L’art du clinicien consiste à n’être accusé ni d’activisme
chirurgical, ni de négligence thérapeutique face à ce type de patient.
+ Anosmie monosymptomatique :
Elle est couramment confondue par les patients avec un trouble du
goût.
Schématiquement, deux tableaux cliniques peuvent être rencontrés
(l’examen endoscopique n’apporte en général aucune donnée
significative) :
– l’anosmie s’est installée brutalement, parfois au décours d’un
tableau de rhinite aiguë banale qui a guéri.
Seule l’anosmie persiste.
Une cure courte de corticoïdes n’entraîne aucune récupération.
Le
scanner cérébral (ou l’imagerie par résonance magnétique [IRM]), à
la recherche d’une cause intracrânienne, retrouve parfois des
opacités ethmoïdales.
Dans notre expérience, il n’y a pas d’indication
à explorer chirurgicalement ces opacités.
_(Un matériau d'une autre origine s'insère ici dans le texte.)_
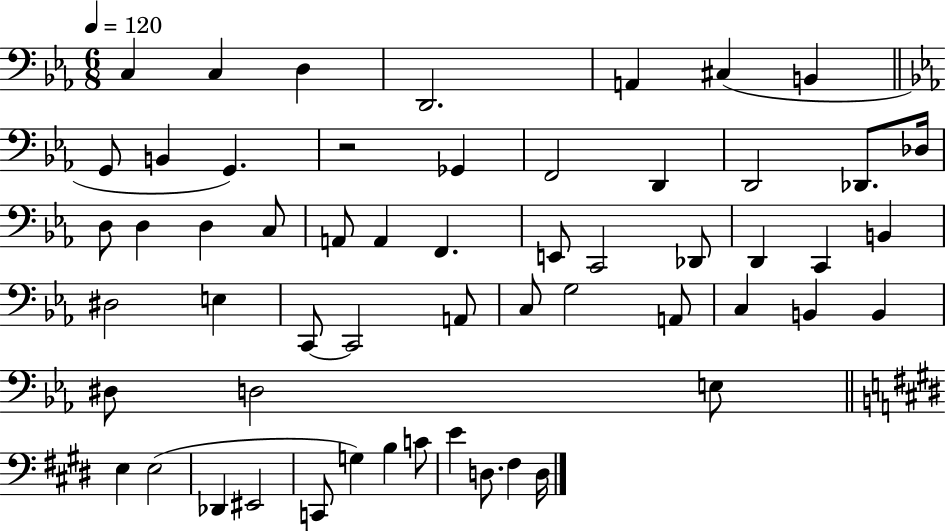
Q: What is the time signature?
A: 6/8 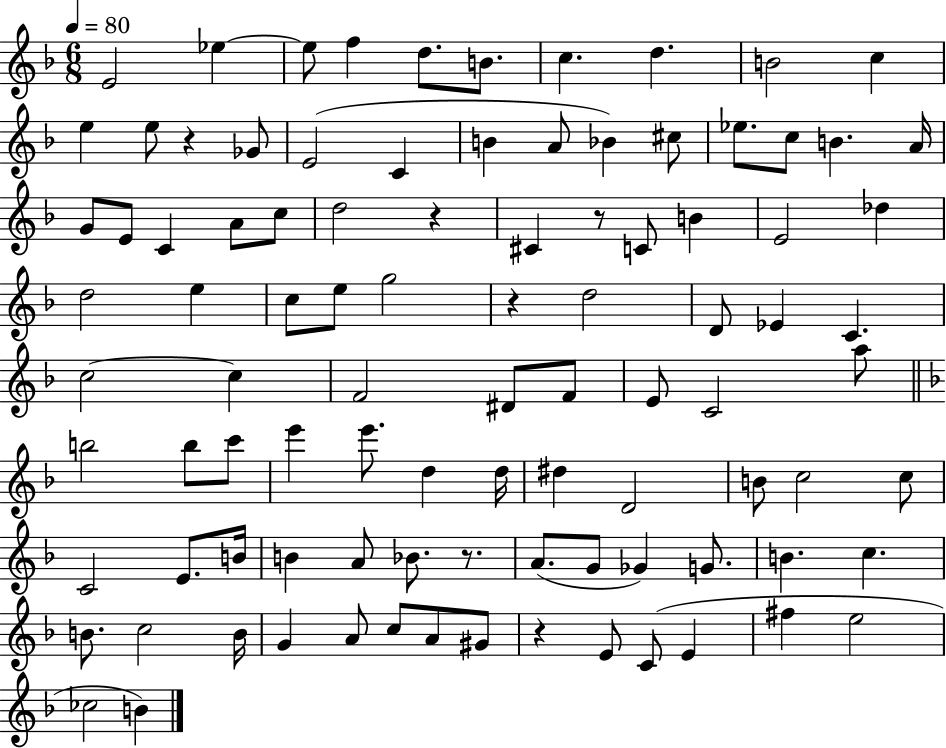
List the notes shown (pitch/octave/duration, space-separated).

E4/h Eb5/q Eb5/e F5/q D5/e. B4/e. C5/q. D5/q. B4/h C5/q E5/q E5/e R/q Gb4/e E4/h C4/q B4/q A4/e Bb4/q C#5/e Eb5/e. C5/e B4/q. A4/s G4/e E4/e C4/q A4/e C5/e D5/h R/q C#4/q R/e C4/e B4/q E4/h Db5/q D5/h E5/q C5/e E5/e G5/h R/q D5/h D4/e Eb4/q C4/q. C5/h C5/q F4/h D#4/e F4/e E4/e C4/h A5/e B5/h B5/e C6/e E6/q E6/e. D5/q D5/s D#5/q D4/h B4/e C5/h C5/e C4/h E4/e. B4/s B4/q A4/e Bb4/e. R/e. A4/e. G4/e Gb4/q G4/e. B4/q. C5/q. B4/e. C5/h B4/s G4/q A4/e C5/e A4/e G#4/e R/q E4/e C4/e E4/q F#5/q E5/h CES5/h B4/q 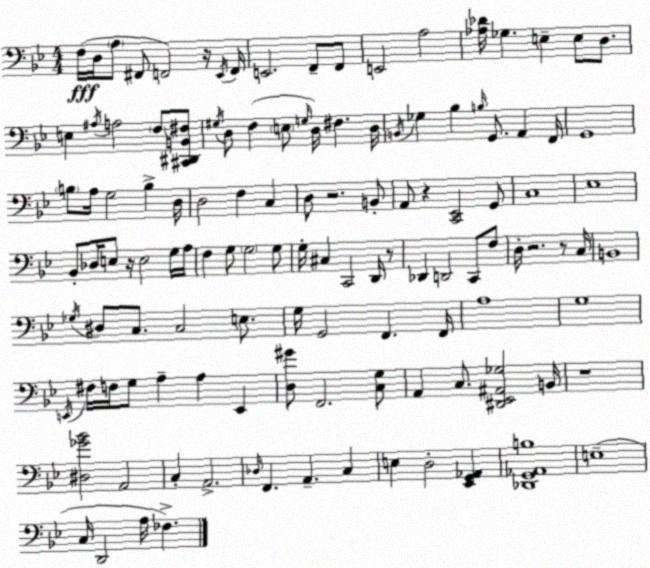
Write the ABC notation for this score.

X:1
T:Untitled
M:4/4
L:1/4
K:Bb
F,/4 D,/4 A,/2 ^F,,/2 F,,2 z/4 _E,,/4 F,,/4 E,,2 F,,/2 F,,/2 E,,2 A,2 [_A,_D]/4 _G, E, E,/2 D,/2 E, ^A,/4 A,2 F,/2 [^C,,^D,,B,,^F,]/2 ^G,/4 D,/2 F, E,/2 G,/4 D,/4 ^F, D,/4 B,,/4 _G, _B, B,/4 G,,/2 A,, F,,/4 G,,4 B,/2 A,/4 G,2 B, D,/4 D,2 F, C, D,/2 z2 B,,/2 A,,/2 z [C,,_E,,]2 G,,/2 C,4 _E,4 _B,,/2 _D,/4 E,/2 z/4 E,2 G,/4 A,/4 F, G,/2 G,2 G,/2 G,/4 ^C, C,,2 D,,/4 z/2 _D,, D,,2 C,,/2 F,/2 D,/4 z2 z/2 C,/4 B,,4 _G,/4 ^D,/2 C,/2 C,2 E,/2 G,/4 G,,2 F,, F,,/4 A,4 G,4 E,,/4 ^F,/4 F,/4 G,/2 A, A, E,, [D,^G]/2 F,,2 [C,G,]/2 A,, C,/2 [^D,,_E,,^A,,_G,]2 B,,/4 z4 [^D,_G_B]2 A,,2 C, A,,2 _D,/4 F,, A,, C, E, D,2 [_E,,G,,_A,,] [_D,,G,,_A,,B,]4 E,4 C,/4 D,,2 A,/4 _F, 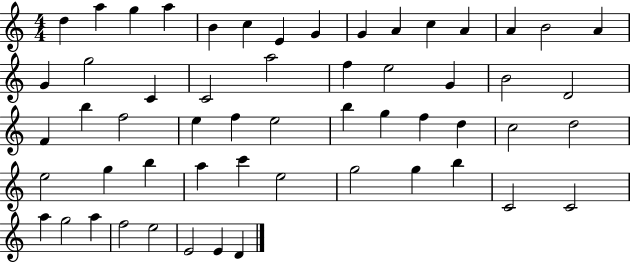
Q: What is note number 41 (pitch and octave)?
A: A5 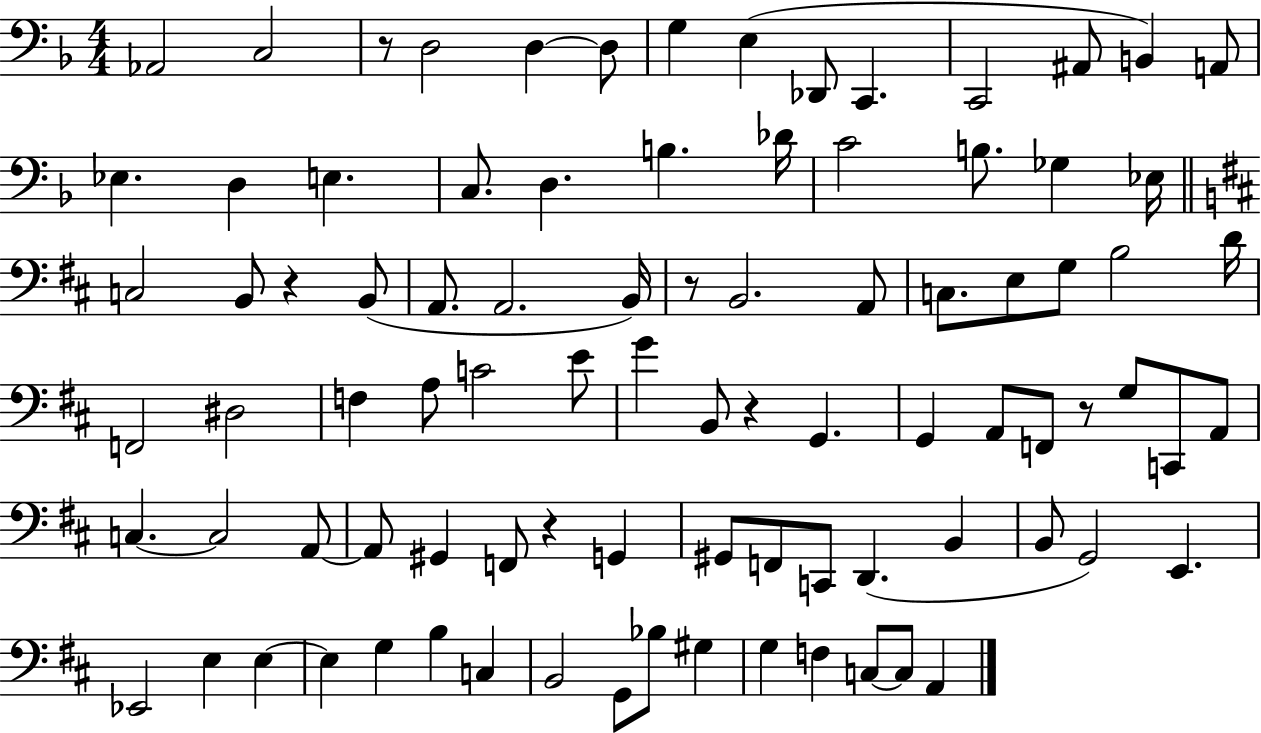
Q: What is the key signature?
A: F major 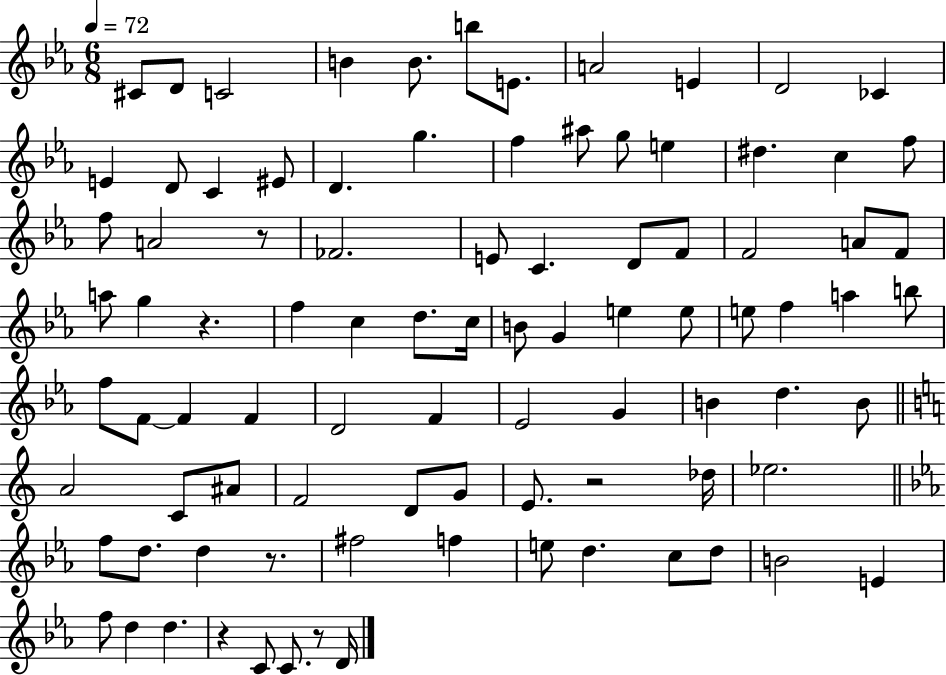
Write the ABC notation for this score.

X:1
T:Untitled
M:6/8
L:1/4
K:Eb
^C/2 D/2 C2 B B/2 b/2 E/2 A2 E D2 _C E D/2 C ^E/2 D g f ^a/2 g/2 e ^d c f/2 f/2 A2 z/2 _F2 E/2 C D/2 F/2 F2 A/2 F/2 a/2 g z f c d/2 c/4 B/2 G e e/2 e/2 f a b/2 f/2 F/2 F F D2 F _E2 G B d B/2 A2 C/2 ^A/2 F2 D/2 G/2 E/2 z2 _d/4 _e2 f/2 d/2 d z/2 ^f2 f e/2 d c/2 d/2 B2 E f/2 d d z C/2 C/2 z/2 D/4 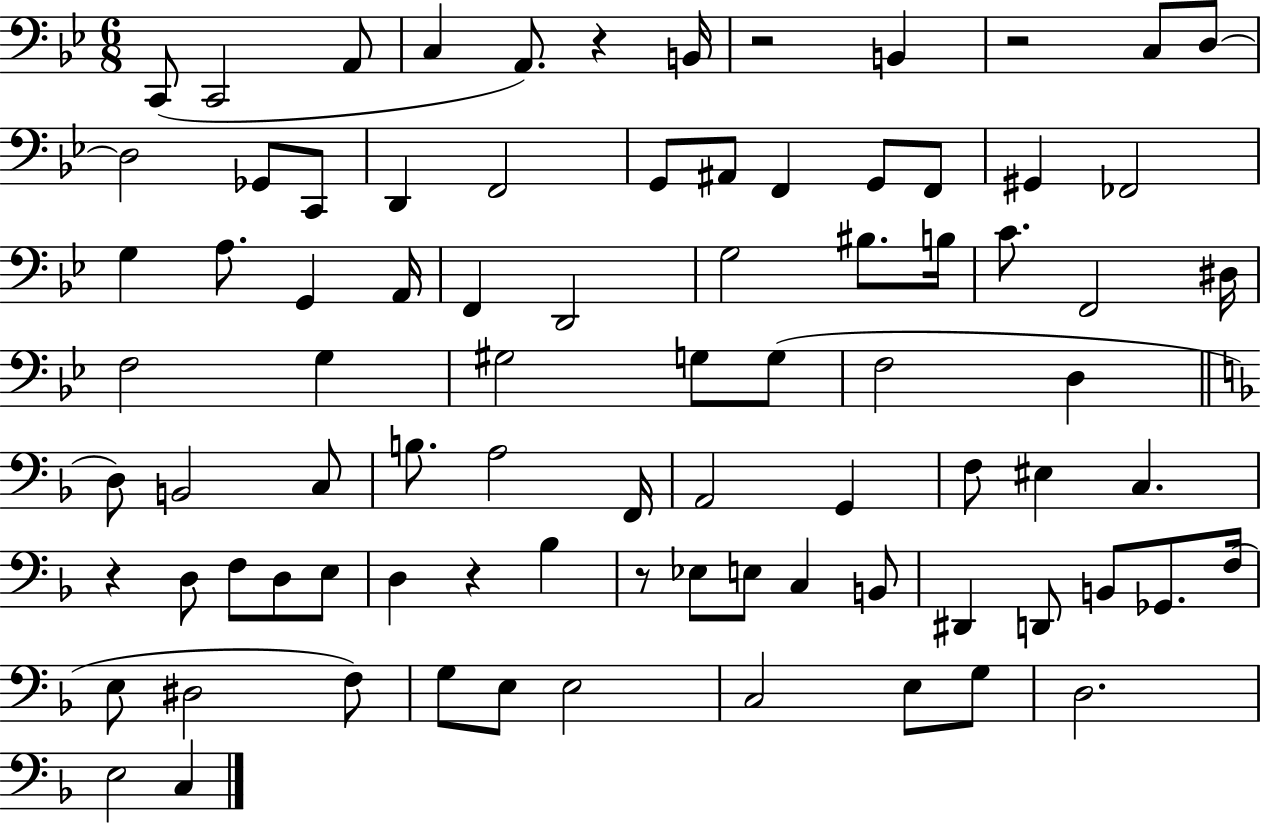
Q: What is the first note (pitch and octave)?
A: C2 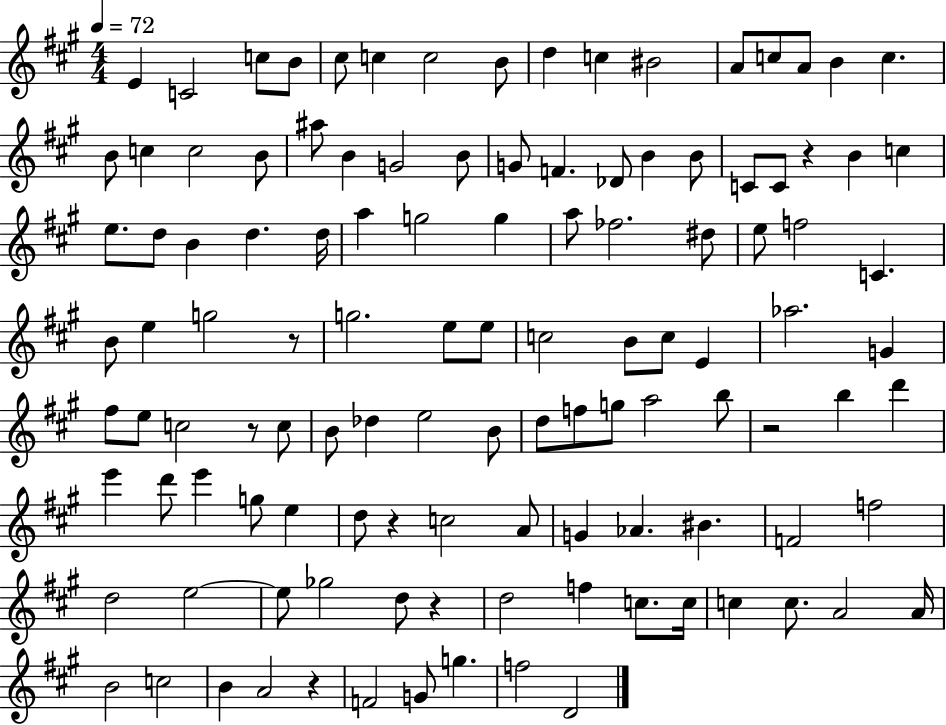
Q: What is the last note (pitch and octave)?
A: D4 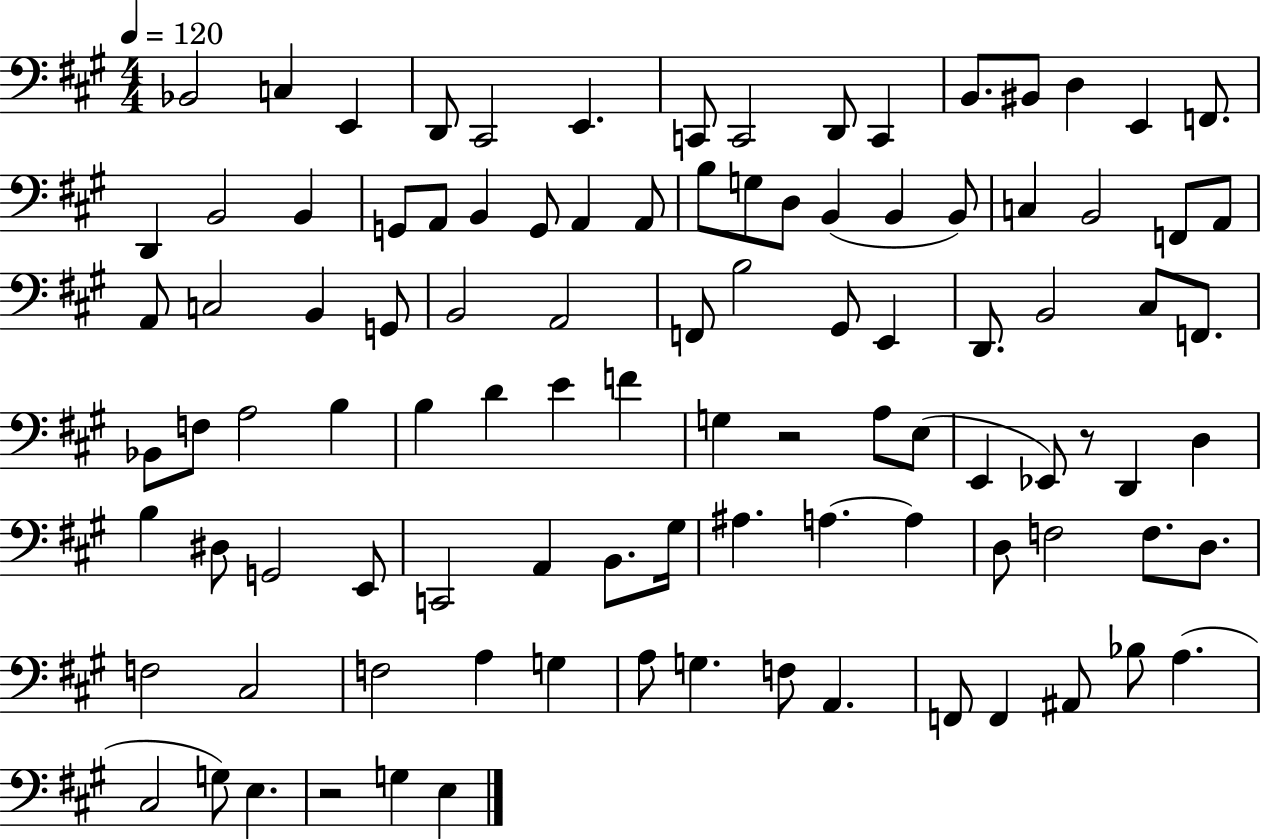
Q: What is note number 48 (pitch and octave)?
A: F2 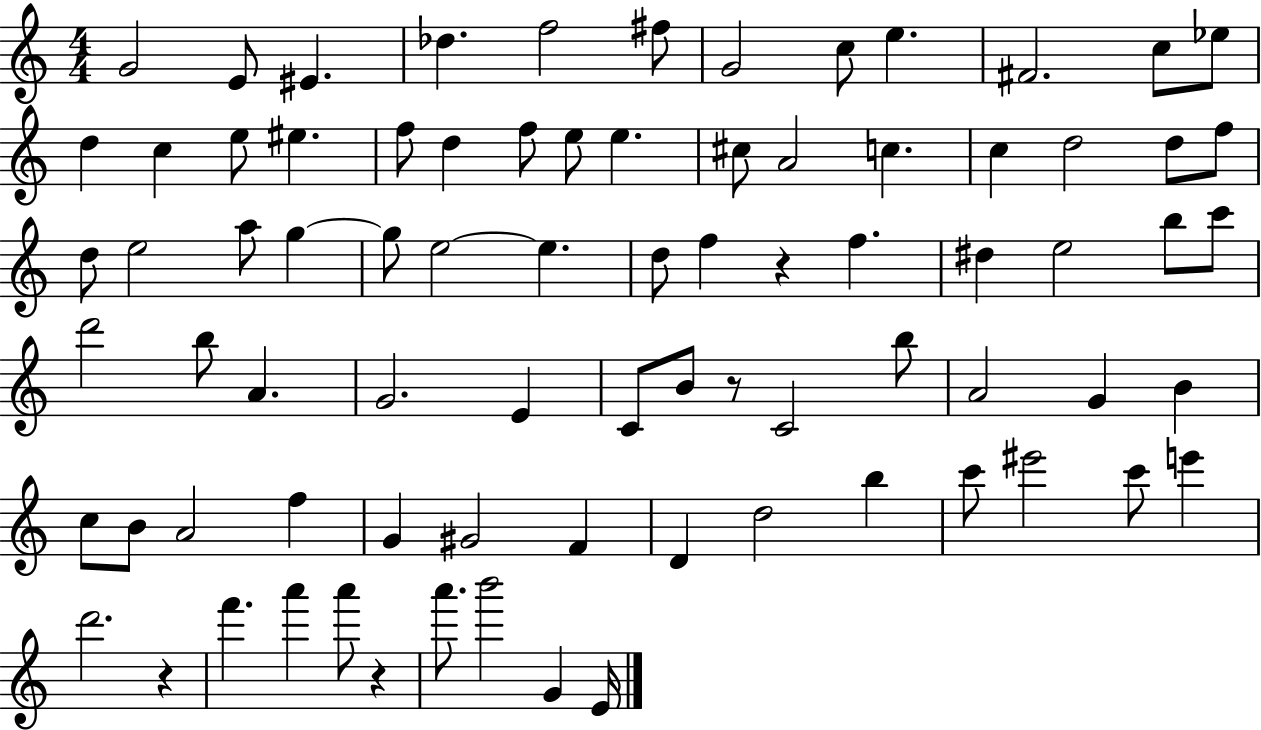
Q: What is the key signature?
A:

Ce sont des ethmasympopacités ;
– l’anosmie, quel que soit son mode d’installation, est variable dans
le temps, des épisodes de récupération discrète n’étant parfois
retrouvés que par un interrogatoire approfondi.
La récupération
reste parfois également discrète après cure courte de corticoïdes
généraux.
Dans notre expérience, la probabilité de récupérer l’odorat
après un traitement chirurgical est d’autant plus élevée que les
opacités ethmoïdales sont importantes, qu’elles se localisent au
contact de la paroi turbinale, et que le test aux corticoïdes montre
une anosmie franchement réversible.
L’indication opératoire revient
au patient qui mettra en balance les possibilités et les risques de la
chirurgie, face au handicap que représente son déficit olfactif.
Ce
scénario est fréquent dans les ethmoïdites chroniques à éosinophiles
traitées par corticoïdes locaux, où l’anosmie reste le seul symptôme
non réversible.
Au total, les ethmopacités qui accompagnent les DRSC
monosymptomatiques demandent beaucoup de prudence dans
l’interprétation de leur rôle étiopathogénique.